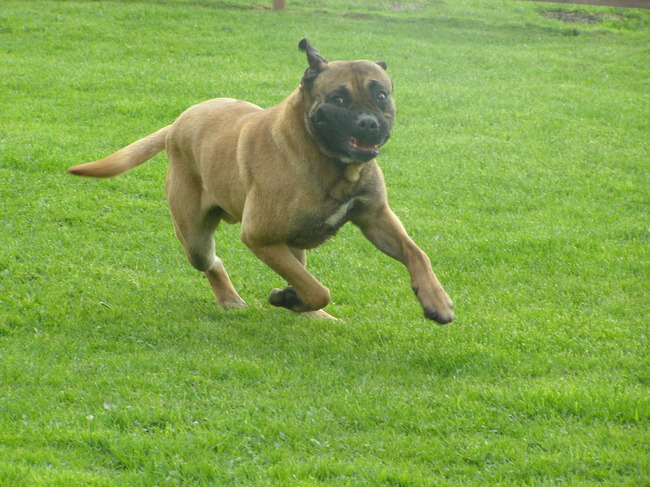 Darko, Dogo Canario reu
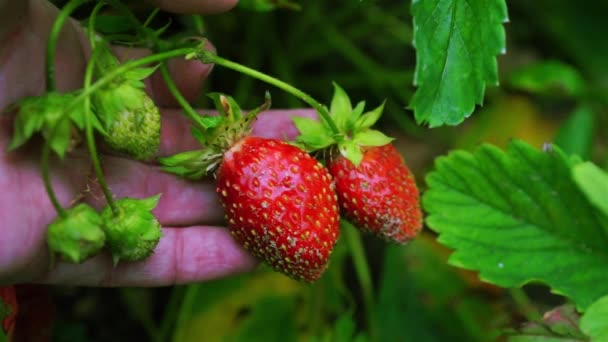 Saftiga jordgubbar i händer — Stockvideo
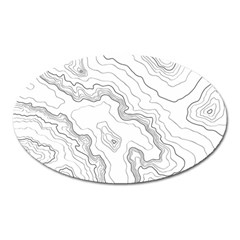 Topography Map Oval Magnet by goljakoff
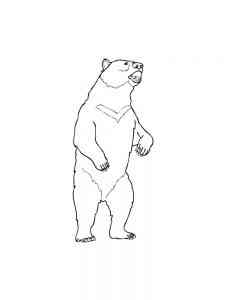 Asian Black Bear coloring page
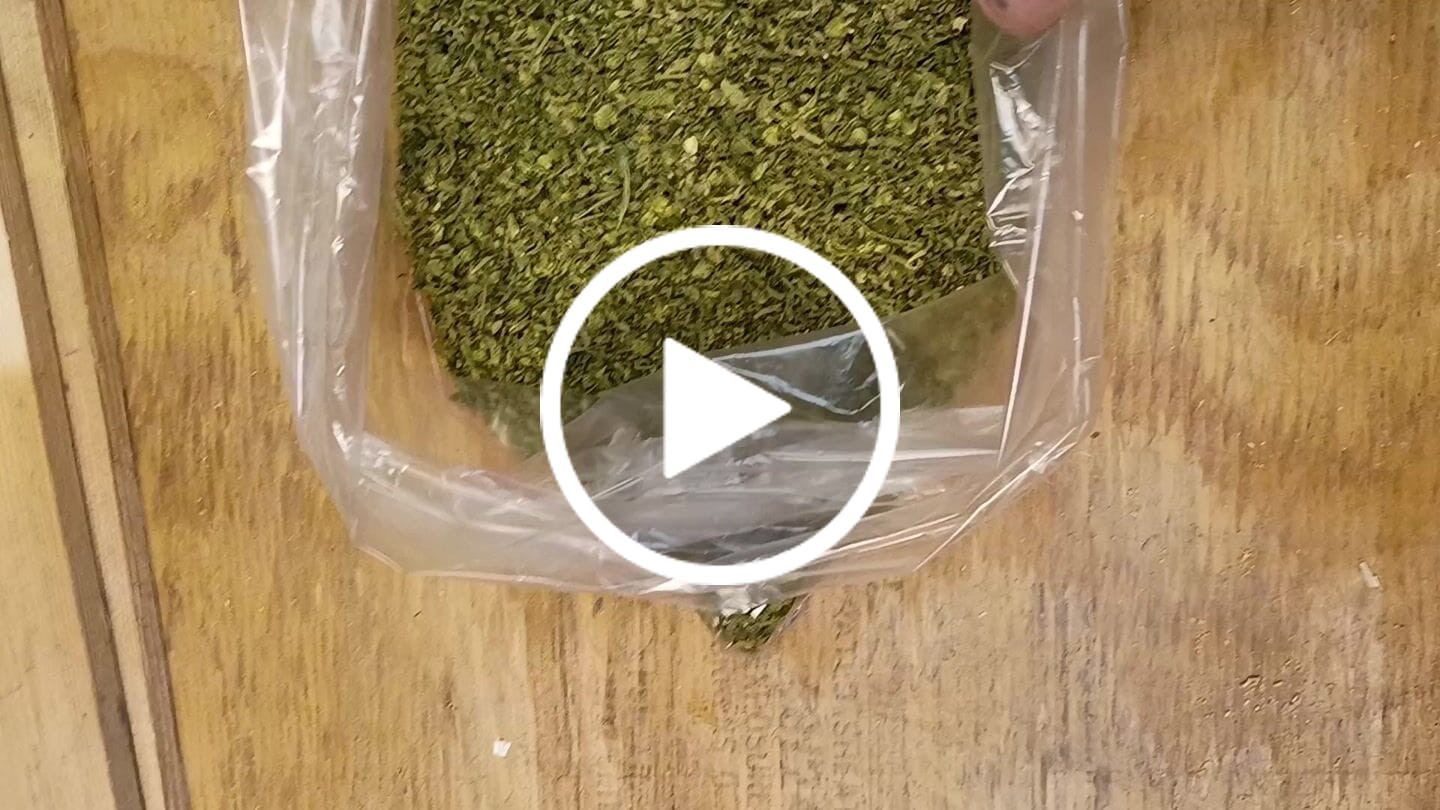 Customer video review of No 1. LA Pop Rock THCa Shake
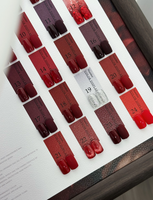 Automne/hiver bricolage UV LED Gel vernis à ongles ensemble dans le vin rouge nouvel an couleurs de noël fournitures de beauté longue durée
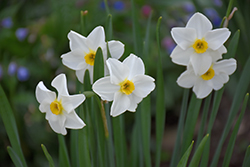 Aspasia Daffodil (Narcissus 'Aspasia') at A Very Successful Garden Center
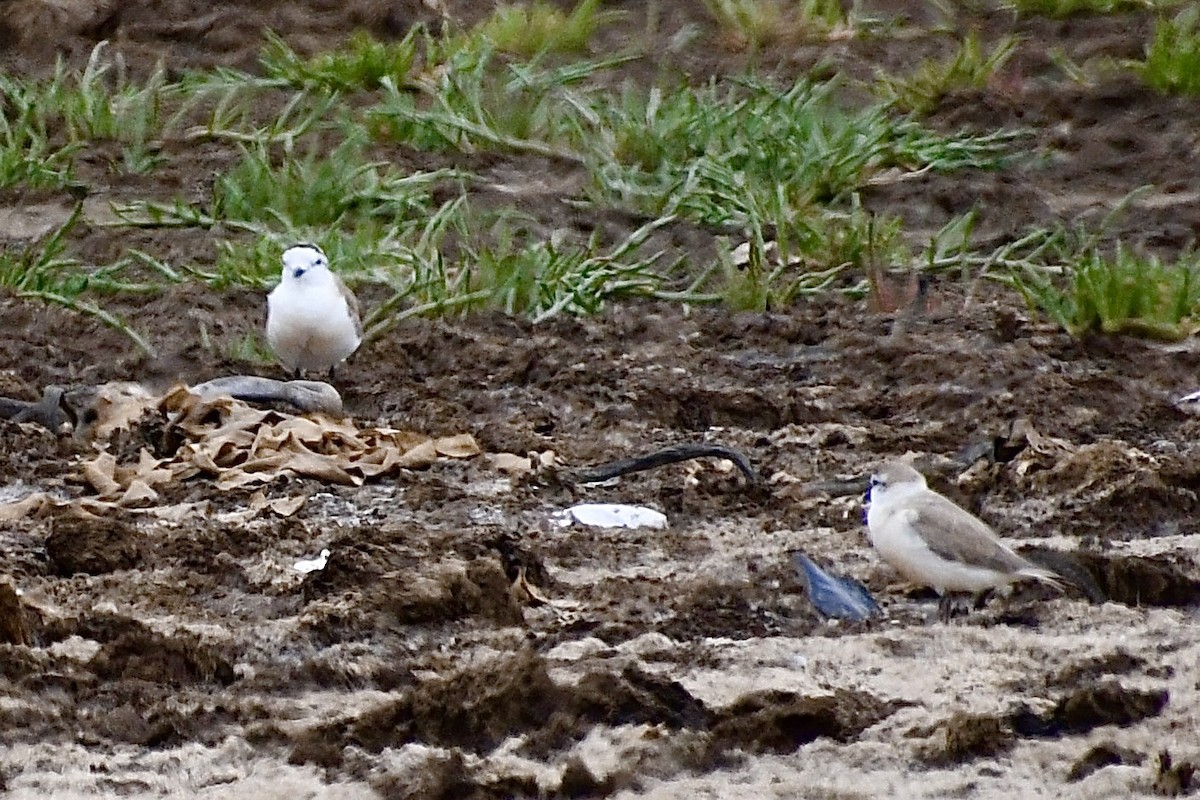 White-fronted Plover - ML646898575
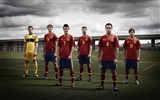 UEFA EURO 2012 HD wallpapers (2) #8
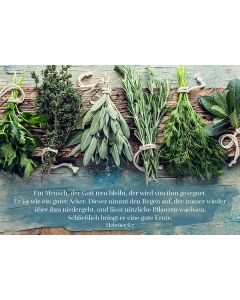 Postkarte 'Kräuter' 1EX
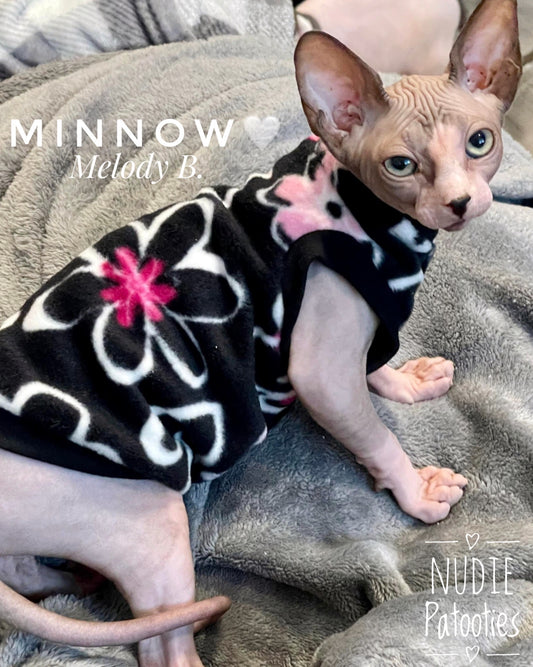 Sphynx cat and kitten shirt.  Sphynx cat clothes.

* [Problem to work on]
Repeat the lines of the records verbatim, starting at the line containing "Aspasia Daffodil (Narcissus" and stopping after the final line. Images stay out.

* [Response to this task]
 Aspasia Daffodil (Narcissus 'Aspasia') at A Very Successful Garden Center
 White-fronted Plover - ML646898575
 UEFA EURO 2012 HD wallpapers (2) #8
 Postkarte 'Kräuter' 1EX
 Sphynx cat and kitten shirt.  Sphynx cat clothes.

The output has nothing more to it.